Martin died at an Enterprise nursing home of complications from
a heart attack she suffered May 7, said her caretaker, Dr.
Kenneth Chancey. She died just as the nation was celebrating
Memorial Day and nearly 140 years after the Civil War ended.
Her May-December marriage to a Civil War veteran in the 1920s
and her longevity made her a celebrated final link to the old
Confederacy.
After living in obscurity and poverty for most of her life, she
spent her final years with the Sons of Confederate Veterans
carrying her to conventions and rallies, often with a small
Confederate battle flag waving in her hand and her clothes the
colors of the rebel banner.
"I don't see nothing wrong with the flag flying," she said
frequently.
Gertrude Janeway, the last widow of a Union veteran from the
Civil War, died in January 2003 at her home in Tennessee. She
was 93 and had married veteran John Janeway when she was 18.
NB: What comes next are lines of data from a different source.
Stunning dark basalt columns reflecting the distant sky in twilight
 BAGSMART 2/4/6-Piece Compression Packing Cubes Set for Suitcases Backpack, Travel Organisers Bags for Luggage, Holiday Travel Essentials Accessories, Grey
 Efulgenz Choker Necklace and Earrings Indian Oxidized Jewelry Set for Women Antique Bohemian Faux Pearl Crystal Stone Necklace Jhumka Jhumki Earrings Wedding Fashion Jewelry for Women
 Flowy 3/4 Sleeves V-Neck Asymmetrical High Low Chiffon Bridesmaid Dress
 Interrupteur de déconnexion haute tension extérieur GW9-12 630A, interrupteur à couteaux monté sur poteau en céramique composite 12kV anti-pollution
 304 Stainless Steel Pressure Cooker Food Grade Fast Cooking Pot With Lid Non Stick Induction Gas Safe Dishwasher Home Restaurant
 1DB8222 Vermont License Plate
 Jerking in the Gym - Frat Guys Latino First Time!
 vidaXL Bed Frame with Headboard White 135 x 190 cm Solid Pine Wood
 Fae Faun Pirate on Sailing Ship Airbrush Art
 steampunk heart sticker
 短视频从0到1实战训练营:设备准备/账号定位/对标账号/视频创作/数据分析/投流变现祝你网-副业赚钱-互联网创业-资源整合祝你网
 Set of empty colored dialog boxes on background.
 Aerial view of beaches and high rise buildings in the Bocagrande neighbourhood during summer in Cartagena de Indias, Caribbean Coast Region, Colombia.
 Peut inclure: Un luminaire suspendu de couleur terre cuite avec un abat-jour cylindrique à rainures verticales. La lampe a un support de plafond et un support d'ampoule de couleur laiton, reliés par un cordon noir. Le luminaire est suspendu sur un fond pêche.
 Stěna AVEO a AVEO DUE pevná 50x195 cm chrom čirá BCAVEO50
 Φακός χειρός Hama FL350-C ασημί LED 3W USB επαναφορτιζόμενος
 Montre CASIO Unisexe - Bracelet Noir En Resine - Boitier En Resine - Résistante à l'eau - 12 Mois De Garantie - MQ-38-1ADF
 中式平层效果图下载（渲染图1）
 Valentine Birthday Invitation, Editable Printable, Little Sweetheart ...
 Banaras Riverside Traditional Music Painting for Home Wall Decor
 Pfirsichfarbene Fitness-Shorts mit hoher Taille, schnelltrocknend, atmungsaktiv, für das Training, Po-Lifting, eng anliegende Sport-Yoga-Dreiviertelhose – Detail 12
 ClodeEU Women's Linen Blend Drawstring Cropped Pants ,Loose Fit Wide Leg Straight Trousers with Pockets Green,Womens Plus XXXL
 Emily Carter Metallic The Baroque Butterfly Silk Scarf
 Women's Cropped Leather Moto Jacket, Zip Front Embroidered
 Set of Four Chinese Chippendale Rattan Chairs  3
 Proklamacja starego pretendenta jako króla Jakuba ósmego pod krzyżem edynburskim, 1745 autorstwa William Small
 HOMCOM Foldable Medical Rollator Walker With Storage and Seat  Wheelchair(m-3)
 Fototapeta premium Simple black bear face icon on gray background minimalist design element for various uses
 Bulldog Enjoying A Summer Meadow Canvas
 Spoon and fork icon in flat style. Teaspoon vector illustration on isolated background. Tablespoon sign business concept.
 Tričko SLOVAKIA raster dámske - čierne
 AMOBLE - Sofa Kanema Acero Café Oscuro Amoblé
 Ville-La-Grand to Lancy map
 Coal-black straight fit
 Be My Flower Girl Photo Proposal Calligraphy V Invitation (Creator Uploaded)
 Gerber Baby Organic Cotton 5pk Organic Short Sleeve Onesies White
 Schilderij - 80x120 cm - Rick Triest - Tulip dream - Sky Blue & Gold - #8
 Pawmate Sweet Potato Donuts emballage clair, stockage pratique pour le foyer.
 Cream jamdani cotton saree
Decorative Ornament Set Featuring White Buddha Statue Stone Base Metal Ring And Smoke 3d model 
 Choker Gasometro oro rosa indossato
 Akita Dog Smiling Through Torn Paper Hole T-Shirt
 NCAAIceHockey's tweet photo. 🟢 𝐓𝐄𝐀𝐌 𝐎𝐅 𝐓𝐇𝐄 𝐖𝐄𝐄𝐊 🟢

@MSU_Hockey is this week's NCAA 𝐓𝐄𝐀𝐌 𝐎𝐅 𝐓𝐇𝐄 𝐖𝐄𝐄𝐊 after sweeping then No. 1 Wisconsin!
Wayne Flynt, a Southern history expert at Auburn University,
said the historical distinctiveness of the South, which is so
tied to the Civil War, has been disappearing, but Martin
provided people with one last chance to see that history in real
life.
"She became a symbol like the Confederate battle flag," he said.
In 1997, Mrs. Martin and Daisy Anderson, whose husband was a
slave who ran away and joined the Union Army, were recognized at
a special ceremony at Gettysburg, Pa. Mrs. Anderson, who lived
in Denver, died in 1998 at age 97. Mrs. Janeway wasn't invited
to the Gettysburg event since at the time, no one outside her
family knew her whereabouts.
Alberta Stewart Martin was not from the "Gone With the Wind"
South of white-columned mansions and hoop skirts. She was born
Alberta Stewart to sharecroppers on Dec. 4, 1906, in Danley's
Crossroads, a tiny settlement built around a sawmill 70 miles
south of Montgomery.
Her mother died when she was 11, and her widowed father
eventually moved to Tallassee in central Alabama. At 18, she met
a cab driver named Howard Farrow, and they had a son before
Farrow died in a car accident in 1926.
Stewart, her father and her son soon moved to Opp to stay with
relatives. Just up the road lived William Jasper Martin, a
widower born in Macon County, Ga., in 1845. He enjoyed a
$50-a-month Confederate veteran's pension and was looking to get
remarried.
The cantankerous 81-year-old man struck up a few conversations
with the 21-year-old neighbor and a marriage of convenience was
born.
"I had this little boy and I needed some help to raise him,"
Alberta Martin recalled in a 1998 interview.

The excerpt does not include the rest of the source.